■ **Aim of the task**
From the records below, extract only the lines running from the line with "Retro-Inspired Quartz Watches" to the line with "WHEREISART Африканский Афро-американский", both lines included, reproducing them exactly.

*** Input records ***

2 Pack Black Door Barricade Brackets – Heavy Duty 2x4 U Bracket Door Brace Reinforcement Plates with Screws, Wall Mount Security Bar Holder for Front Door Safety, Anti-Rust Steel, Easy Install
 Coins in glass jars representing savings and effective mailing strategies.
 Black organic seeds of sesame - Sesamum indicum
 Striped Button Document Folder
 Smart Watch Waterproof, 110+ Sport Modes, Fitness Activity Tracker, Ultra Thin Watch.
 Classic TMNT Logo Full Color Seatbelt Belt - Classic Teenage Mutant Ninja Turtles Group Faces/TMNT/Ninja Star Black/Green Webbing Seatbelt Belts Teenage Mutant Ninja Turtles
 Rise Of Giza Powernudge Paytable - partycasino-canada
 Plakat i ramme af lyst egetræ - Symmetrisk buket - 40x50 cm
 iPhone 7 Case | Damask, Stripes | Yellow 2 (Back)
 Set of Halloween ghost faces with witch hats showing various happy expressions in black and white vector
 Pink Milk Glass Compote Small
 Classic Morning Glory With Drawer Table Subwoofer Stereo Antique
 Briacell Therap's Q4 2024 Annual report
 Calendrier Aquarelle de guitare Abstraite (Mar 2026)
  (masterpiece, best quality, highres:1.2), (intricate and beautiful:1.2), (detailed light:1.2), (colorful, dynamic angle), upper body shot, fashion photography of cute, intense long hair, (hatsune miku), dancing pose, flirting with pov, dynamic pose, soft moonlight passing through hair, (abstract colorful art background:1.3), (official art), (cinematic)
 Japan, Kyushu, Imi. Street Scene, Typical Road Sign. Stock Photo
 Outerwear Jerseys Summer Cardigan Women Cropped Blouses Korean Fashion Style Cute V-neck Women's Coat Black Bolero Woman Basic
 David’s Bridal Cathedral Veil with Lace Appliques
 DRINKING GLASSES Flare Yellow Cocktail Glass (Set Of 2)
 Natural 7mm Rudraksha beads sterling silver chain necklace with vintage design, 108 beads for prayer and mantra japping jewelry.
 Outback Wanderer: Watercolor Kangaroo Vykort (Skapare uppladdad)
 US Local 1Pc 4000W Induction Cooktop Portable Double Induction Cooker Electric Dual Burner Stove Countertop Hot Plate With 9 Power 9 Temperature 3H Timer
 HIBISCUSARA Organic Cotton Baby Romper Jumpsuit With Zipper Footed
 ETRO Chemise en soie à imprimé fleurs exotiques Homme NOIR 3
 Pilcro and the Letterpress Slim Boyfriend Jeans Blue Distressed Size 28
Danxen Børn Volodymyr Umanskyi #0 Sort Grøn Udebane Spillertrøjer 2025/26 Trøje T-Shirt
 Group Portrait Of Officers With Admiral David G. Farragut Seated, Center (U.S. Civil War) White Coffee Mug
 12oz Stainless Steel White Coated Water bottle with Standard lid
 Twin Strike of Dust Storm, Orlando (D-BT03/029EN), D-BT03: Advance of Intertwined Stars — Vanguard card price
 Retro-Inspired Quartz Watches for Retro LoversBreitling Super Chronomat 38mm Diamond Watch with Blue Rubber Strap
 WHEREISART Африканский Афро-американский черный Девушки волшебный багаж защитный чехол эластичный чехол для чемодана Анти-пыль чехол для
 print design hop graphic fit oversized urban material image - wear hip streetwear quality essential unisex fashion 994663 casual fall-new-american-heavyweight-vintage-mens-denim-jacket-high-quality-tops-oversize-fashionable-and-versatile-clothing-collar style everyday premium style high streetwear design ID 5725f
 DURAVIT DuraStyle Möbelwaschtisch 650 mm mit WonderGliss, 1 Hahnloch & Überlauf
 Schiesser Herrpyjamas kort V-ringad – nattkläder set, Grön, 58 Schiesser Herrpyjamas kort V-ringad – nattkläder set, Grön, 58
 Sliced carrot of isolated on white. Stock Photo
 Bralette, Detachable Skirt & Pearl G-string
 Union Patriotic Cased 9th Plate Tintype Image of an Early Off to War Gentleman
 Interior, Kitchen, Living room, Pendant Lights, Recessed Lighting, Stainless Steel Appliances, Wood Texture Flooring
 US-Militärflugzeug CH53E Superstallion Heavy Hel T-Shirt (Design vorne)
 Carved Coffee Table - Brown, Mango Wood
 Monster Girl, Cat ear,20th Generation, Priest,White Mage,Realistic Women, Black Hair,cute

*** End of Input records ***

■ **Answer for the task**
 Retro-Inspired Quartz Watches for Retro LoversBreitling Super Chronomat 38mm Diamond Watch with Blue Rubber Strap
 WHEREISART Африканский Афро-американский черный Девушки волшебный багаж защитный чехол эластичный чехол для чемодана Анти-пыль чехол для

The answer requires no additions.